For the present study, we used 10 hypothalami obtained from consecutive brain autopsies in the Academic Medical Center over a period of 12 months. Neuropathology was performed by Dr. D. Troost. Inclusion criteria were: 1) permission for brain autopsy; and 2) the availability of a serum sample taken less than 24 h before death. Exclusion criteria were: 1) known history of thyroid disease; and 2) use of glucocorticoids, dopamine, or dobutamine less than 2 weeks before death. Patients with intracerebral hemorrhage were included only if the hypothalamus was intact on macroscopic examination. The following determinations were performed in serum: T₄ and T₃ by in-house RIA (9), and TSH by ICMA (Behring, Marburg, Germany; detection limit 0.01 mU/L). Clinicopathological data and hormone concentrations are summarized in Table 1. Brains were fixed in 10% formalin at room temperature for 1 month. After dissecting the hypothalamus, tissues were dehydrated in graded ethanol series, cleared in xylene, and embedded in paraffin.

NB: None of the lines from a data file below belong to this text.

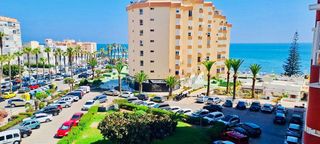 Apartament a Centro Internacional. Apartamento en torrox costa con vistas al mar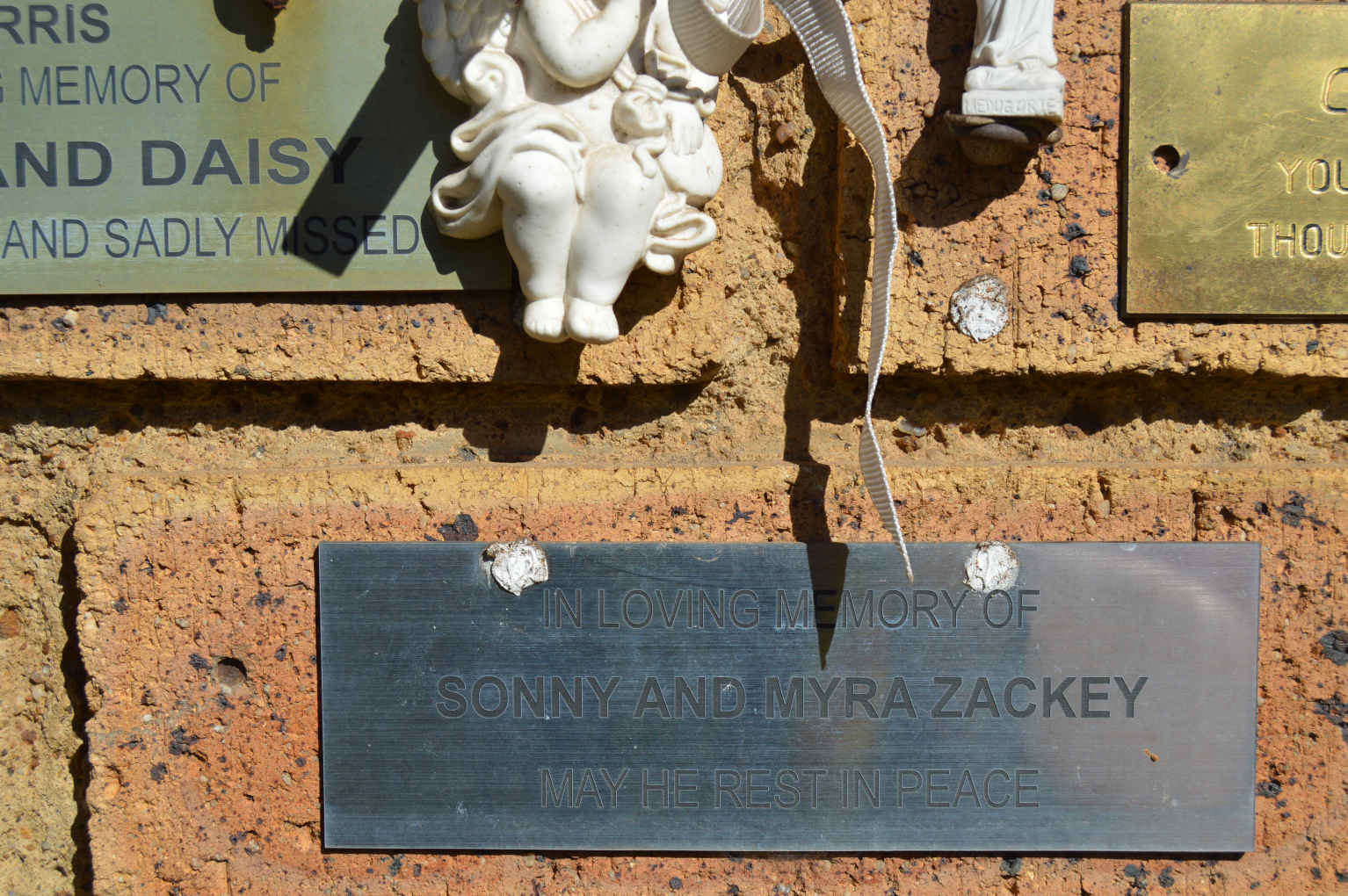 ZACKEY Sonny & Myra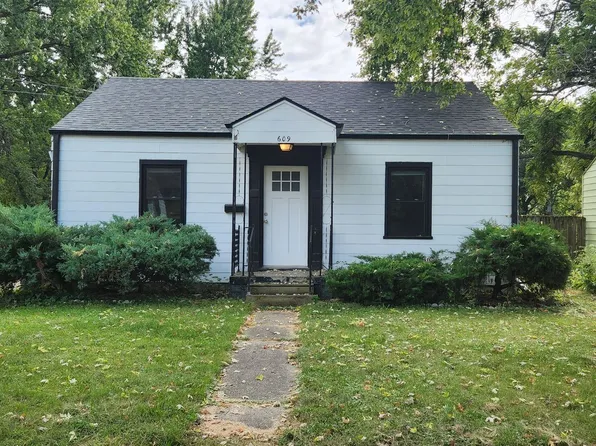 609 Morton Ave, Des Moines, IA 50313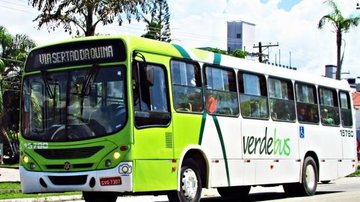 Tabelas com as alterações feitas pela VerdeBus podem ser consultadas pela internet Horários dos ônibus municipais de Ubatuba passam por alterações Ônibus da empresa VerdeBus, de Ubatuba - Kelvin Silva Caovila Santos/ Ônibus Brasil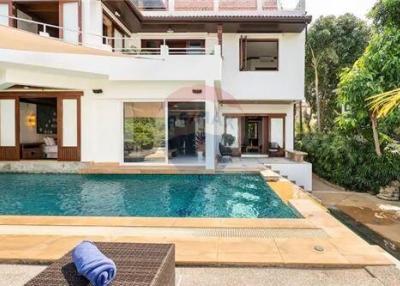 Sunset Seaview Luxury Villa For Sale.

TRH mRNA in situ hybridization was performed in paraffin sections through the PVN using a systematic, random sampling procedure. Coronal serial sections (6 µm) were made from the level of the lamina terminalis to the mammillary bodies. Every 100th section was collected on chromealum-gelatin-coated slides and stained with thionine for anatomical orientation and identification of the right-sided PVN. Delineation of the PVN was assessed more precisely in all subjects by means of immunohistochemical staining for vasopressin (VP) (10). Identification of the most rostral section to contain VP-positive PVN cells (x) was followed by selection of a random figure between 0 and 99 (y). In each subject, the most rostral section number used for in situ hybridization was {(x + y) - 100}, followed by a series of sections containing the right-sided PVN with a sampling interval of 100 sections, until no VP-immunostained PVN cells were present. This was the most caudal level to be included. Using this systematic, random sampling procedure, we analyzed 12.0 ± 1.8 sections per patient (mean ± SD; range: 9–14).

In situ hybridization

For in situ hybridization, sections were mounted with sterile water on 2% aminoalkylsilane (Sigma, Zwijndrecht, the Netherlands) -coated slides and dried at 38 C. For details, see Ref. 8. We used a [³⁵S]-cytidine 5' triphosphate-labeled TRH complementary DNA (cRNA) antisense probe, complementary to the nucleotide sequences 330–549 of the human TRH mRNA sequence. The TRH cRNA antisense probe was diluted in hybridization buffer (HBF) [0.5 mol/L sodium chloride, 1x Denhardt’s solution, 10 mmol/L Tris (pH 7.6), 1 mmol/L ethylenediaminetetraacetic acid, 10% dextran sulphate, 0.5 mg/mL yeast transfer RNA, 50% formamide, 200 mmol/L dithiothreitol]. Seventy microliters of HBF, containing about 10⁶ dpm ³⁵S-labeled TRH probe (SA 9.5 x 10⁸ dpm/µg), were applied to the sections that were coverslipped, and hybridized overnight in a humidified stove at 66 C. After gently removing the coverslips in 2x SSC (1x SSC is 0.15 mol/L sodium chloride, 0.015 mol/L sodium citrate, pH 7), the sections were washed sequentially for 45 min at 60.5 C in 1x SSC, 0.1x SSC, 0.01x SSC, and finally in 0.001x SSC for 3 h at 60 C. Subsequently, the sections were dehydrated in 300 mmol/L ammonium acetate (pH 5.5)/absolute ethanol at volume ratios of 1:1, 3:7, 1:9, and 0:1, respectively, and dried in a stream of cool air. The sections were apposed directly to autoradiography film (Hyperfilm-ßmax, Amersham, Buckinghamshire, U.K.). Films were exposed for 7 h, developed in Kodak (Integra, Biosciences, Switzerland) D-19 at 20 C for 2 min, and fixed in Kodak (Integra, Biosciences, Switzerland) Maxfix for 8 min.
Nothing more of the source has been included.